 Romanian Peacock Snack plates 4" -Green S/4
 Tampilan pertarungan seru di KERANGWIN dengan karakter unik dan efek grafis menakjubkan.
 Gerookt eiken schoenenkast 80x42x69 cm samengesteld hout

* * *

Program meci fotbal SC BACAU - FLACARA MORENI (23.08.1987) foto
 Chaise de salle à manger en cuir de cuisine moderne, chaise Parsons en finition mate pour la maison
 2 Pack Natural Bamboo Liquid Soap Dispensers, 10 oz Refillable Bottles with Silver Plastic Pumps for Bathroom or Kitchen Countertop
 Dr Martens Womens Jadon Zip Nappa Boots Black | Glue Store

* * *

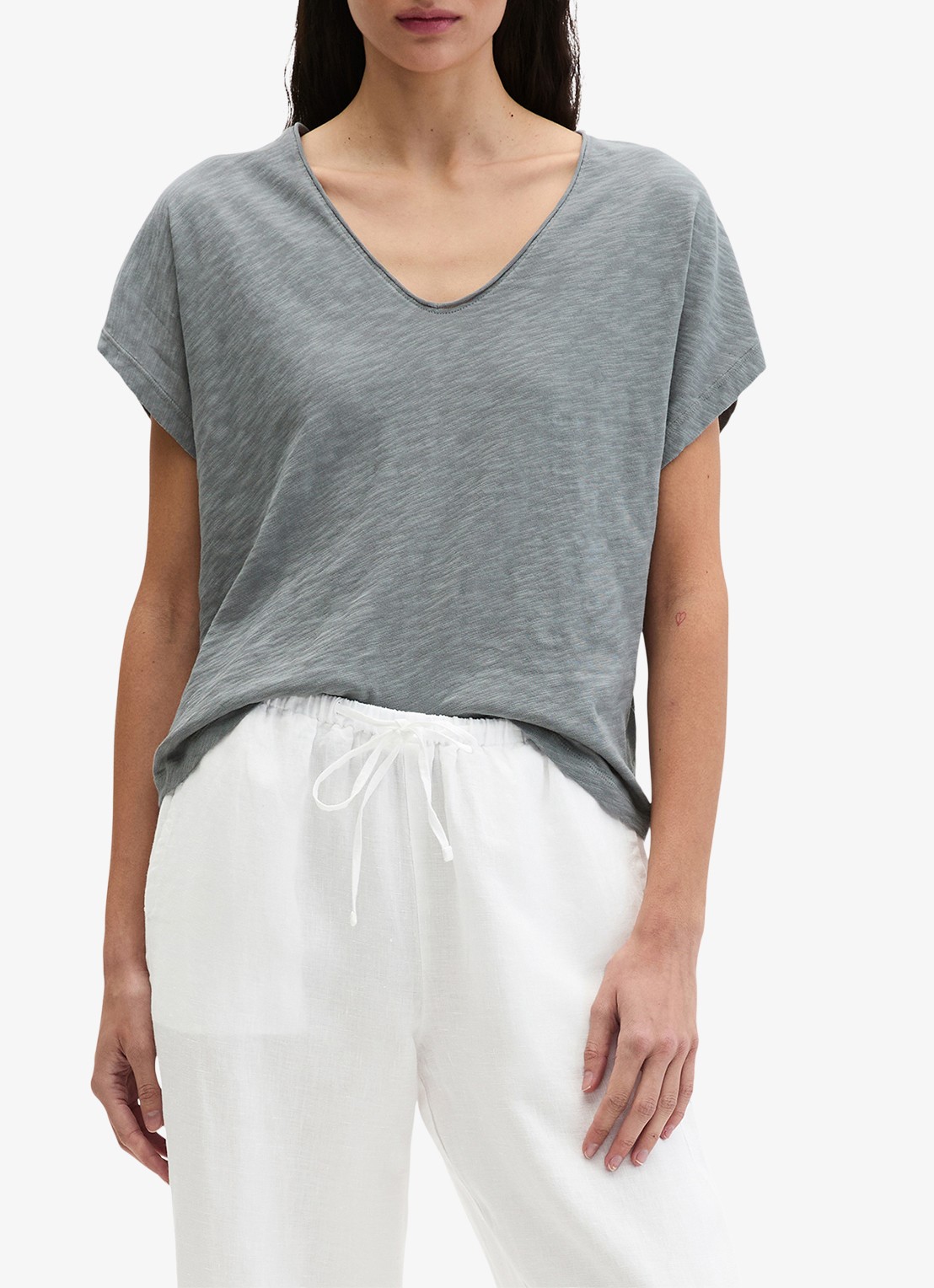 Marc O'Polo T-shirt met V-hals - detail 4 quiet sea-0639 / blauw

What to produce: Reproduce exactly the lines of the records above from the one with "Romanian Peacock Snack" to the one with "Gerookt eiken schoenenkast", both included, and leave out everything else.

Expected answer:
 Romanian Peacock Snack plates 4" -Green S/4
 Tampilan pertarungan seru di KERANGWIN dengan karakter unik dan efek grafis menakjubkan.
 Gerookt eiken schoenenkast 80x42x69 cm samengesteld hout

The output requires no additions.